Hiç ölmeyecek gibi yaşarlar,
Ancak hiç yaşamamış gibi ölürler.
Sıra gelmiş ikinci soruya; "Peki sen ne öneriyorsun"?
Bilge yine sıralamış;
Kimseye kendinizi "sevdirmeye" kalkmayın!
Yapılması gereken tek şey, sadece kendinizi sevilmeye bırakmaktır.
Önemli olan; hayatta en çok şeye sahip olmak değil, en az şeye ihtiyaç duymaktır.
Bu sözlerin anlamını yıllar önce anlamam mümkün değildi. Hatta otuzlu yaşlarımda benden yaklaşık kırk yaş bir büyüğümle sohbet ederken hiç unutmam bana aynen şunu demişti. “Bak evlat sizin en büyük saflığınız yiyemeyeceğiniz paranın ve kullanmayacağınız eşyanın peşinde koşuyorsunuz, senin aylık ihtiyacın kaç lira? Diyelim ki 20 bin lira, neden sen 100 bin liranın peşinde koşarak sırtına 80 bin liralık daha yük yükleyip kendini yoruyorsun risk alıyorsun? İhtiyacın kadar çalışmıyorsunuz” demişti.

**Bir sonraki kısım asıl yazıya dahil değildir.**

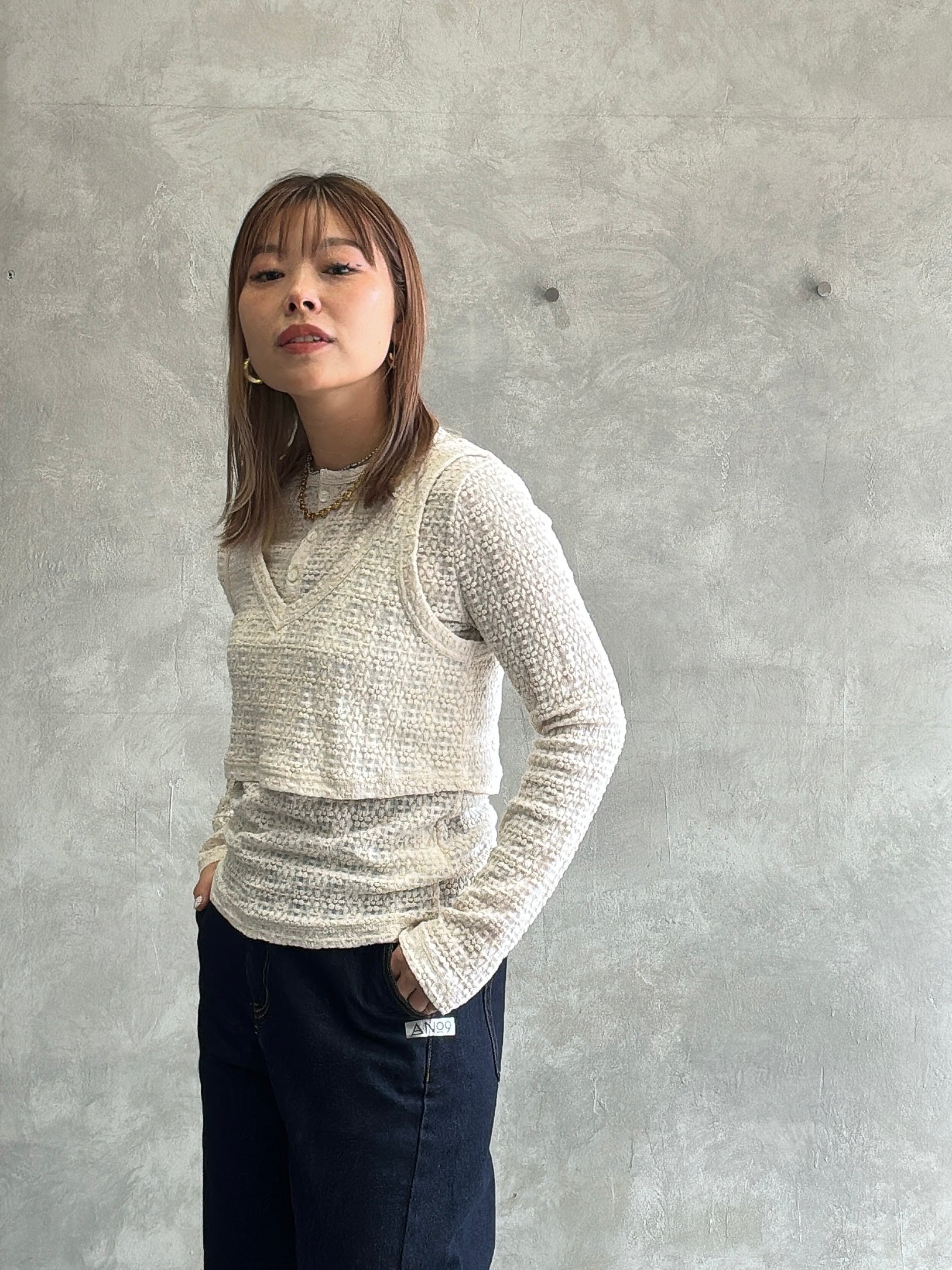 ショート丈キャミソール／8611001／LE MÉLANGE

Şimdi o kadar iyi anlıyorum ki; gerçekten de belli bir zaman sonra aylık kazancınız ne olursa olsun harcayacağınız para belli oluyor. Tansiyonuz var diyorlar istediğiniz gibi yiyemiyor içemiyorsunuz, kolesterole şekere dikkat edin diyorlar, istediğiniz gibi yiyemiyor içemiyorsunuz. Büyük bir eviniz olsun istiyorsunuz, sonra bir bakıyorsunuz ki çocuklar bir bir yuvadan uçup gidiyor o koca evde tek kalıyorsunuz, bazen yandaki odaya bile günlerce girmediğiniz oluyor. Gençken grand tuvalet giyinip sokaklara çıkarken bir zaman sonra o kıyafetler de insanı sıkmaya başlıyor, markalar umurunuzda bile olmuyor, salaş rahat kıyafetler tercih ediyorsunuz. Son model arabam olsun derken bir bakıyorsunuz ki neredeyse arabaya bile ihtiyaç kalmıyor. Trafiğin yoğunluğu trafikte insanların saygısızlığı sizi bunaltıyor ya toplu taşıma araçlarına biniyorsunuz ya da sağlık için yürüyerek gideyim diyorsunuz.

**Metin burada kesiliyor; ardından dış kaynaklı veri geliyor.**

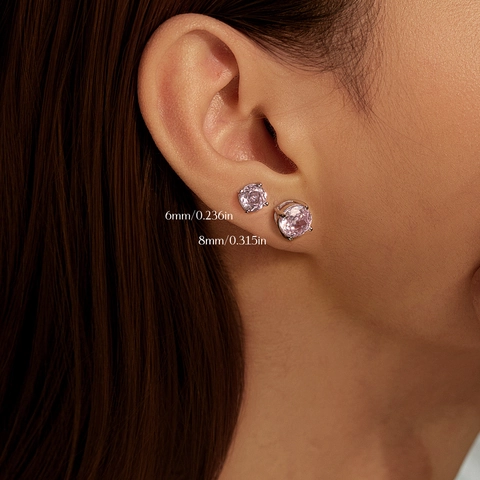 Round Cubic Zirconia Stud Earrings With 925 Sterling Silver Earring Post Multi Color Simple Elegant Jewelry For Women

Sonuç olarak gün geliyor ünlü düşünür Platon’un bu yazısını okuyorsunuz ve kendi kendinize diyorsunuz ki ne kadar doğru sözler. Gerçekten de para kazanmak için yeri geliyor sevdiklerinize zaman ayıramıyorsunuz yeri geliyor sağlığınız elden gidiyor. Sağlığınızı kazanmak için kazandıklarınızı harcıyorsunuz. Hadi sağlığınız elden gitmedi diyelim daha fazla kazanmak için sevdiklerinize ayırmadığınız zamanları nasıl geri alacaksınız? Kendinize ayırmadığınız zamanları nasıl geri alacaksınız? Kimi sevdikleriniz elinizden kayıp gidiyor sizin ise gençliğiniz elden kayıp gidiyor. Sebebi daha çok kazanmak için.
Kısaca yine Platon’un dediği gibi; yarından endişe ederken bugünü unutuyoruz, oysa ne bugünü ne yarını yaşayabiliyoruz. Hiç ölmeyecek gibi yaşadığımızı sanırken aslında hiç yaşamadan ölüp gideceğimizin farkına varamıyoruz.
Önemli olan; hayatta en çok şeye sahip olmak değil, en az şeye ihtiyaç duymaktır.